I believe the private and public-property markets are rarely perfectly correlated, offering exceptional, if rare, opportunities for arbitrage in debt instruments or securitized property. Anybody who des not have a diversified portfolio of real estate investment trusts (REIT’s) is denying themselves the potential to make money in some of the world’s hottest real estate sectors and themes, easily accessed via an Interactive Brokers or E-Trade electronic brokerage account. For instance, I had profiled Prologis as the ideal New York REIT to benefit from the industrial boom. Prologis was up 28% in 2017. As I assure my parents, both avid property investors, if you think Wharton is expensive, try ignorance! The US desperately needs to build at least 50 million square feet of extra industrial space every year, thanks to the Amazonisation of the world. Even the US Ari Force is leasing its vast spaces in Nevada to build mega 1 million square feet distribution and logistics centers. This is a 20% per annum growth opportunity for at least the next three years. Timing and the right entry price are everything in real estate investing, as is real time market intelligence. I avoid brokers and mortgage bankers like the plague, just as I do Third World guys who offer to sell me a BMW 7 series for 50,000 dirhams, quick quick Sahib!
 
As a partner in Asas Capital, I am proud to have raised the equity capital for a 630 room Park Regis four star hotel that will provide some of the Gulf’s most intelligent (they trusted me and their trust is sacred) investors a 15% cash dividend in US dollars and a potential 200% return on initial capital on the project’s eventual flotation or trade sale. Saudi Arabia wants 5 million extra Umra pilgrims by 2020 but Makkah has barely 12000 branded four star hotel rooms. This was the macro opportunity of a lifetime and my partners at Asas Capital began work on this project in 2014, when oil was $114 and religious tourism assets dirt cheap.
 
I absolutely abhor speculative real estate investments or “buy to let” in markets where a developer can arbitrarily raise service fees at will even when rents fall 20 – 30%. So a AED 2.5 million, 1000 square foot one bedroom flat rents in the Burj Khalifa for AED 120,000 but service fees are AED 72000. A 2% net rental yield makes no sense as if I wanted a bank deposit, I would get one.
 
Demographics and the credit cycle play a crucial role in property investing. So the exodus of executives due to job losses in banking, property, aviation, construction, retail etc. makes luxury a non no for us in Dubai. The only villas that are selling now are owner occupiers in the 2 to 3 million AED range Villas in the 5 million plus range will have to take a 40% hit to capital. There is a glut of luxury apartments, high end office spare (a Mazaya building sold for 400 AED a square foot, just above construction cost. That is where I see eventual market equilibrium).
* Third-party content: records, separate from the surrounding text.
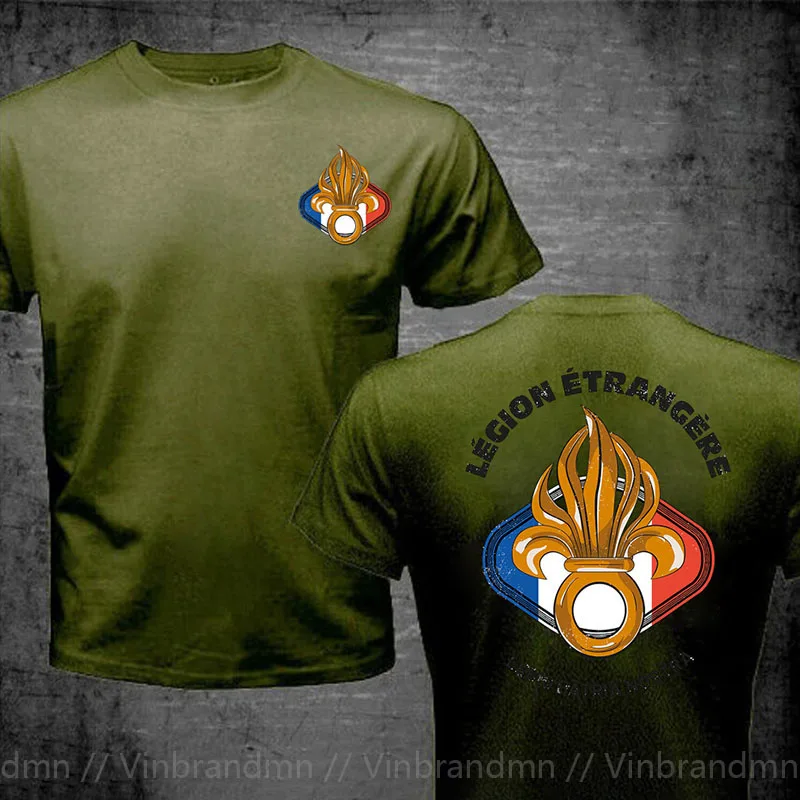 Винтажная мужская футболка в стиле ретро с потертостями французского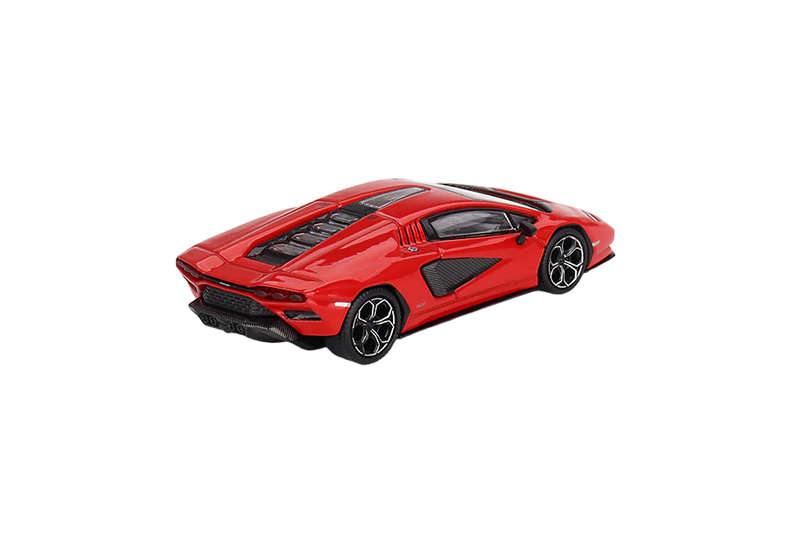Mini GT Lamborghini Countach LPI 800-4 Rosso Mars 1:64 Model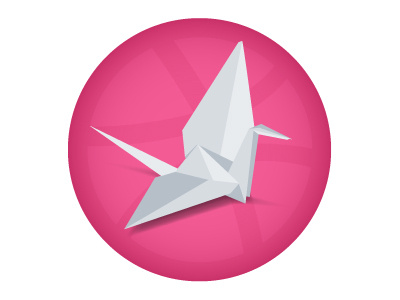 Hello Dribble, here's an origami crane
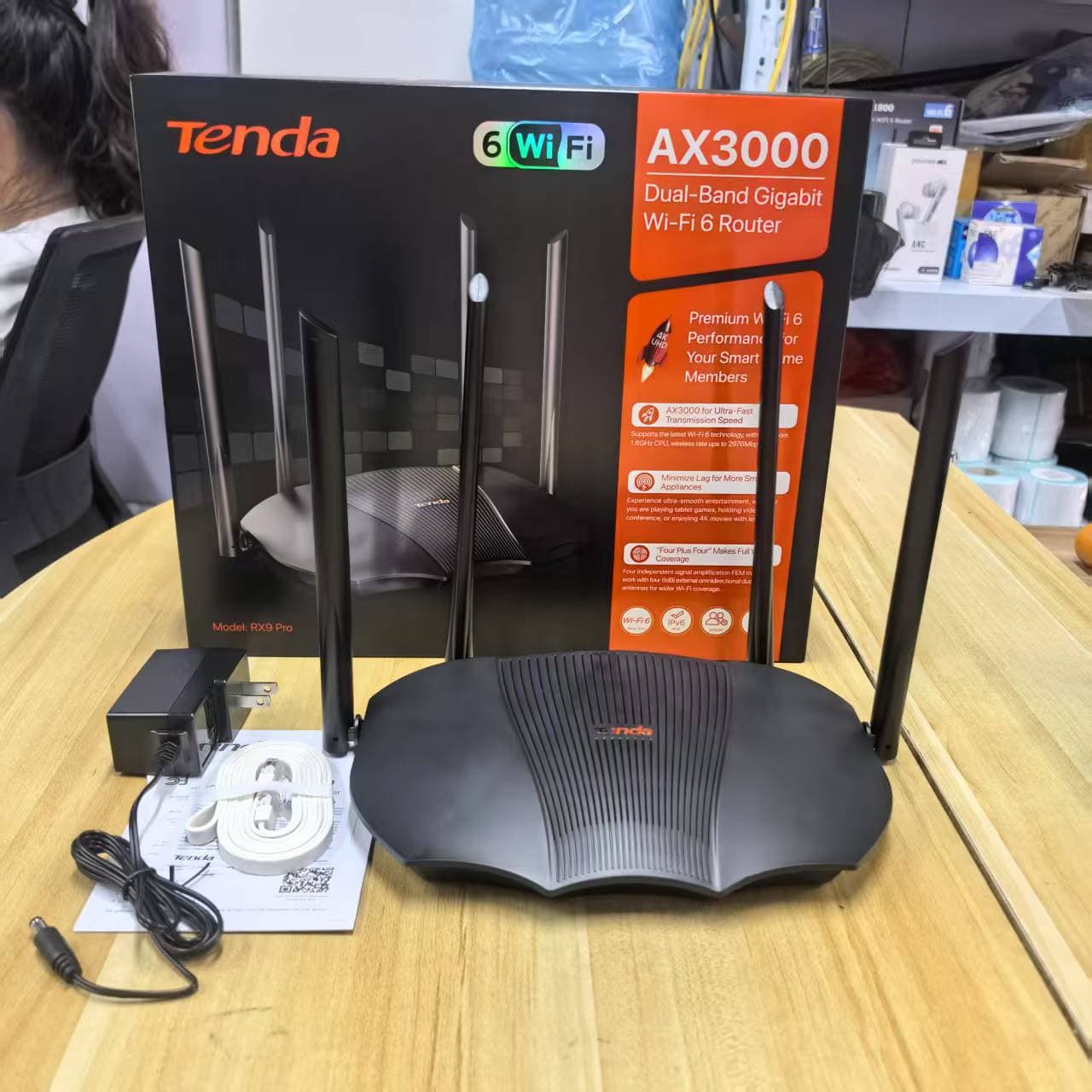 Tenda English Router RX9PRO Wireless WiFi6 Gigabit AX3000 Dual Band English Router
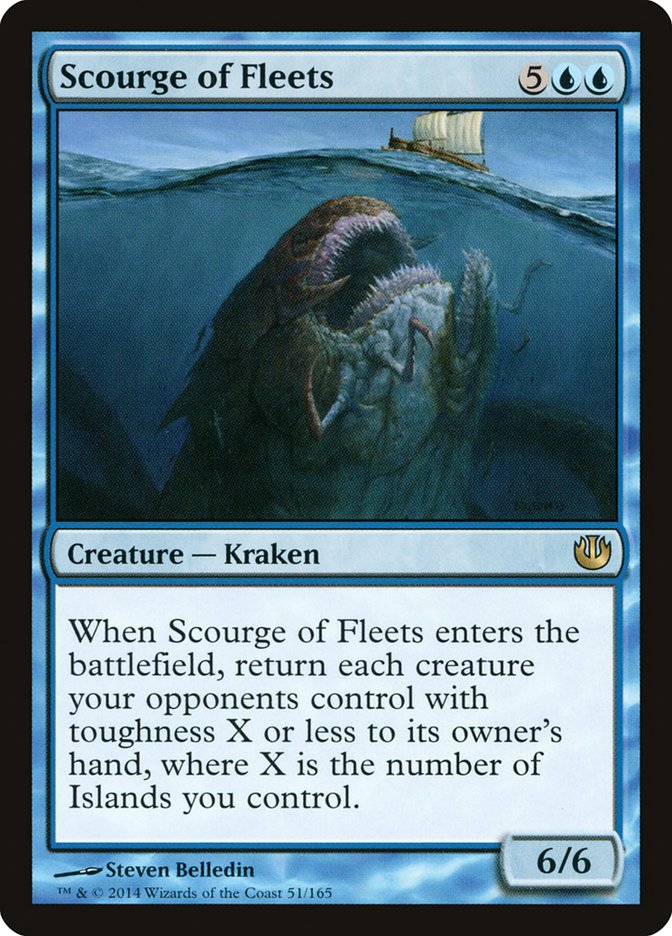 Magic the Gathering Card - Scourge of Fleets - MTG Circle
Investors in British schools, especially if inspired by 120,000 AED a year pseudo-British public schools, will hemorrhage cash as companies slash education subsidies. Note the many high end schools who violate KHDA rules against discounts by offering “founder fees” or two sibling for one package. When hotel revpars fall by double digits, I have only one piece of advice for investors – Get out!
 
I expect the current trend of falling rents to accelerate in 2018 and even 2019. If rents fall by another 20%, many segments of the property micro markets become affordable again, a huge ballast for Dubai’s trade/services economy.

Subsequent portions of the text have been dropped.